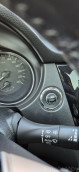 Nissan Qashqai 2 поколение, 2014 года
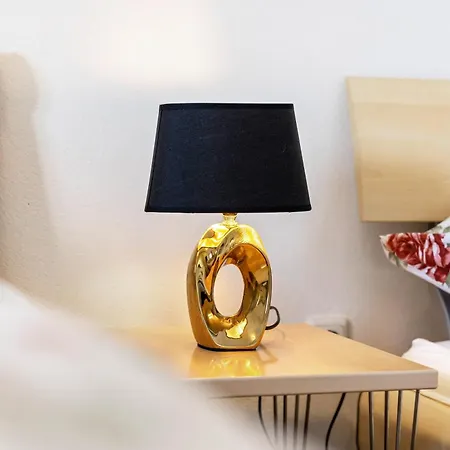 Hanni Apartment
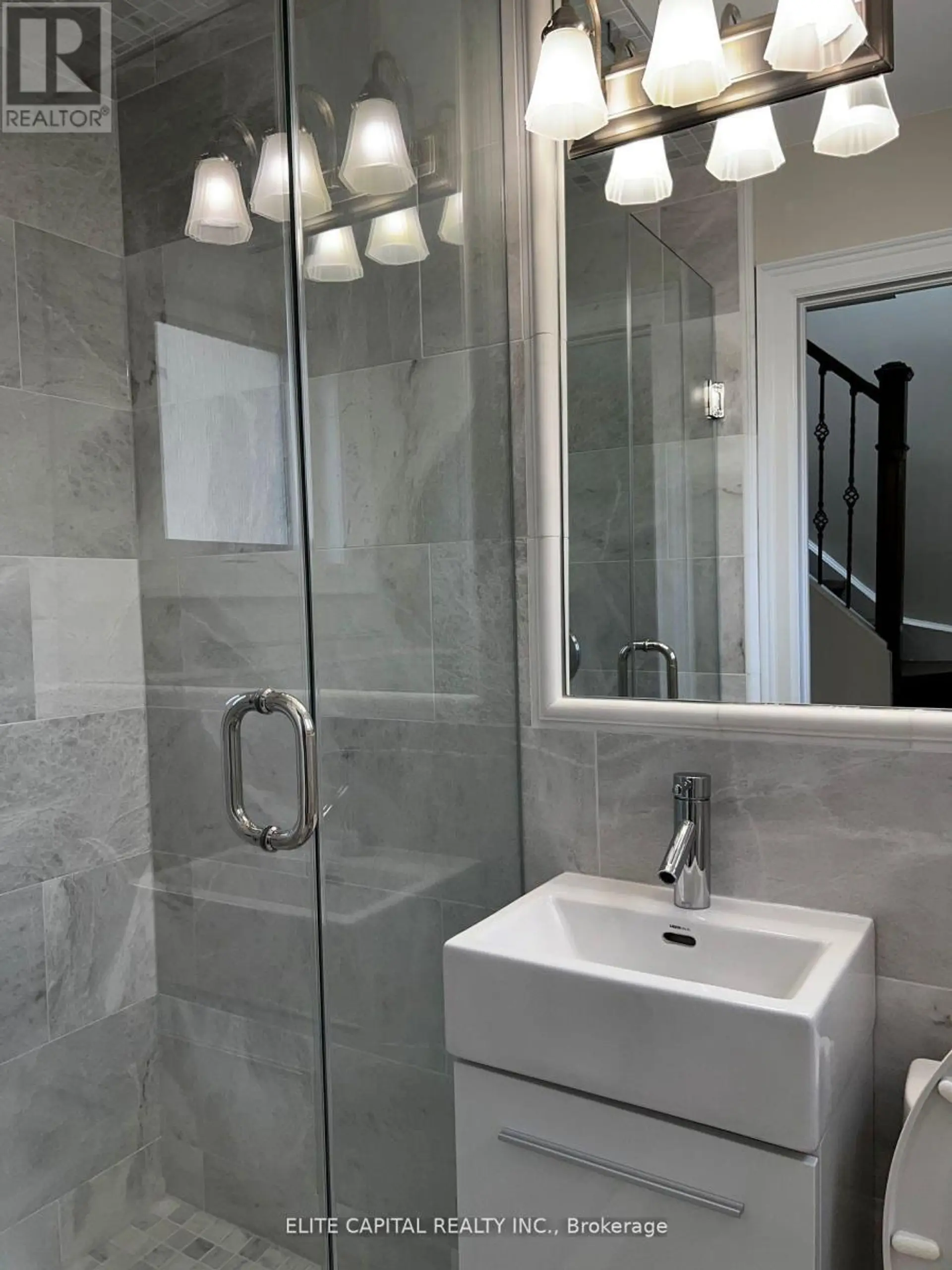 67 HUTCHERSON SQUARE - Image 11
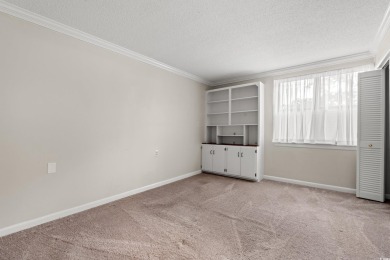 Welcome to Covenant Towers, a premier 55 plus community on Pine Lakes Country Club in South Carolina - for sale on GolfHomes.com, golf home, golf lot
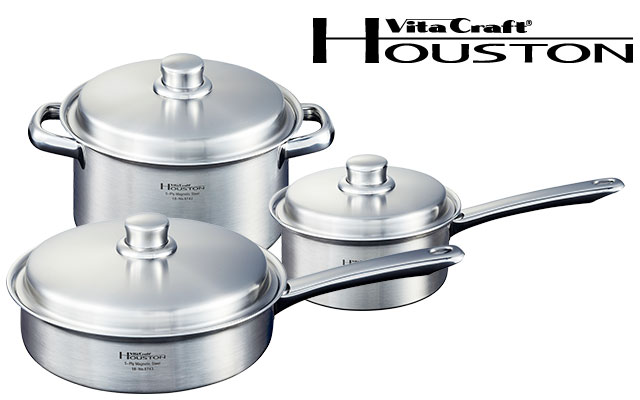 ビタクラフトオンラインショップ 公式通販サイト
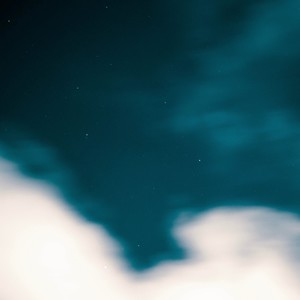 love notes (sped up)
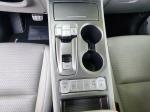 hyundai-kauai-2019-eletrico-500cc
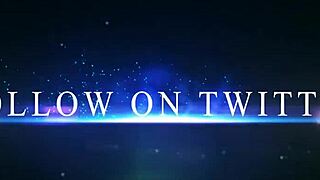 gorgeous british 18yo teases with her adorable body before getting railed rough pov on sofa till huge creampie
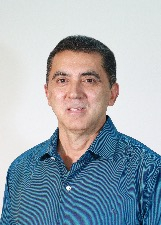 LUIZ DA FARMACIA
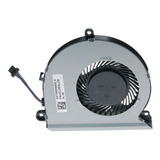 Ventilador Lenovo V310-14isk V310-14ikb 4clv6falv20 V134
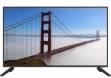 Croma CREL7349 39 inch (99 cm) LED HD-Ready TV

■ ■ ■ ■

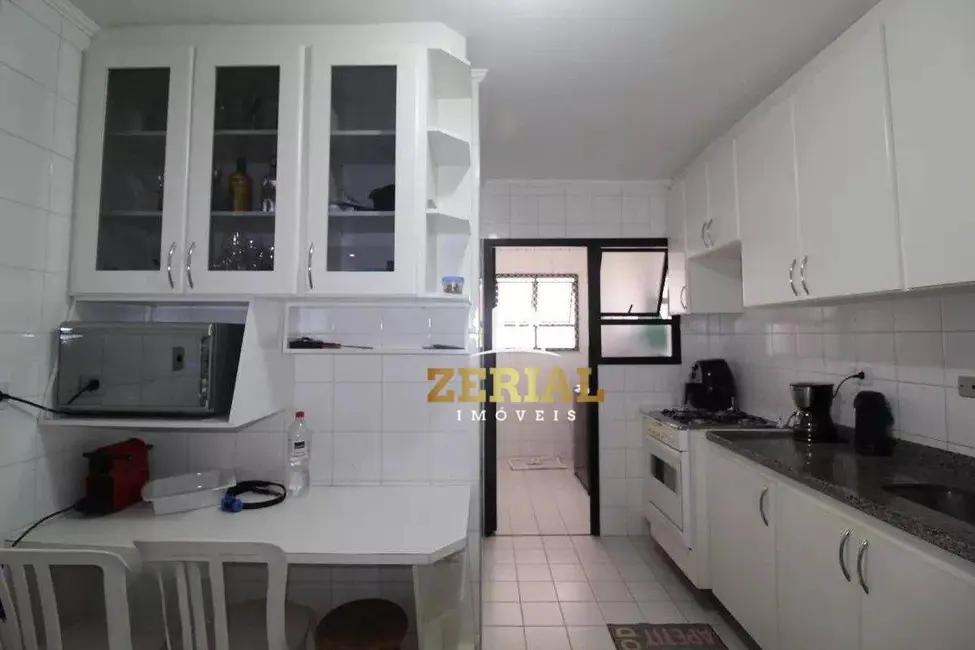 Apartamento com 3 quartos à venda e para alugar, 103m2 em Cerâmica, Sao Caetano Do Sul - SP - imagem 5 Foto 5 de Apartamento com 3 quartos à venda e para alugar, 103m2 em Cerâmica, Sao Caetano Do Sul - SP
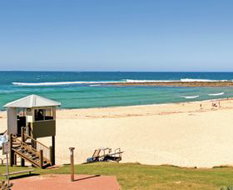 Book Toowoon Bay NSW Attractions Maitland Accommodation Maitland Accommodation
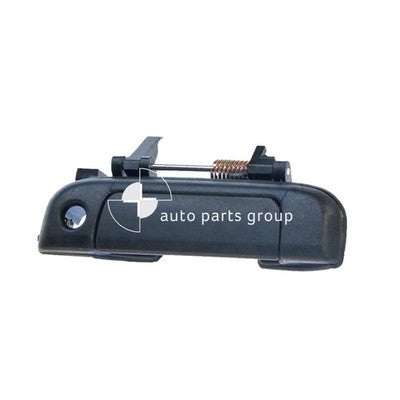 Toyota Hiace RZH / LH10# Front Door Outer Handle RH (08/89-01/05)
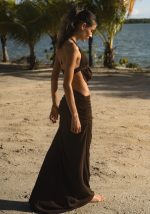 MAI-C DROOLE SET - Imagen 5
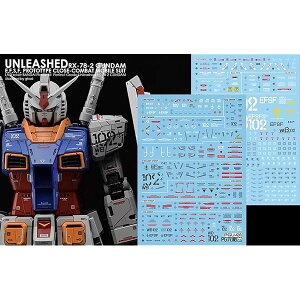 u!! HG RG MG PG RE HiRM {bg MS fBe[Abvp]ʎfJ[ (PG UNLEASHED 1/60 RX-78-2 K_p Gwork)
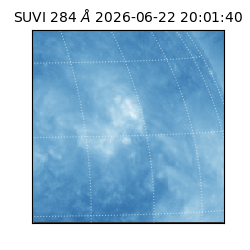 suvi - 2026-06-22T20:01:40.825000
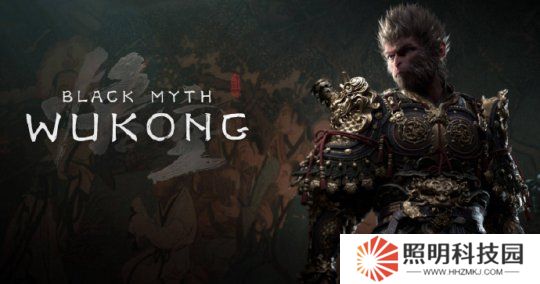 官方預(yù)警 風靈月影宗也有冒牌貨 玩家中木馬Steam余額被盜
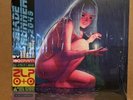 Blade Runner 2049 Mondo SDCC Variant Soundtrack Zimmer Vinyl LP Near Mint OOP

■ ■ ■ ■

Copy nothing but the lines above that run from the one with "Nissan Qashqai 2 поколение, 2014 года" to the one with "Croma CREL7349 39", ends included; pictures stay out.

**Task response**
 Nissan Qashqai 2 поколение, 2014 года
 Hanni Apartment
 67 HUTCHERSON SQUARE - Image 11
 Welcome to Covenant Towers, a premier 55 plus community on Pine Lakes Country Club in South Carolina - for sale on GolfHomes.com, golf home, golf lot
 ビタクラフトオンラインショップ 公式通販サイト
 love notes (sped up)
 hyundai-kauai-2019-eletrico-500cc
 gorgeous british 18yo teases with her adorable body before getting railed rough pov on sofa till huge creampie
 LUIZ DA FARMACIA
 Ventilador Lenovo V310-14isk V310-14ikb 4clv6falv20 V134
 Croma CREL7349 39 inch (99 cm) LED HD-Ready TV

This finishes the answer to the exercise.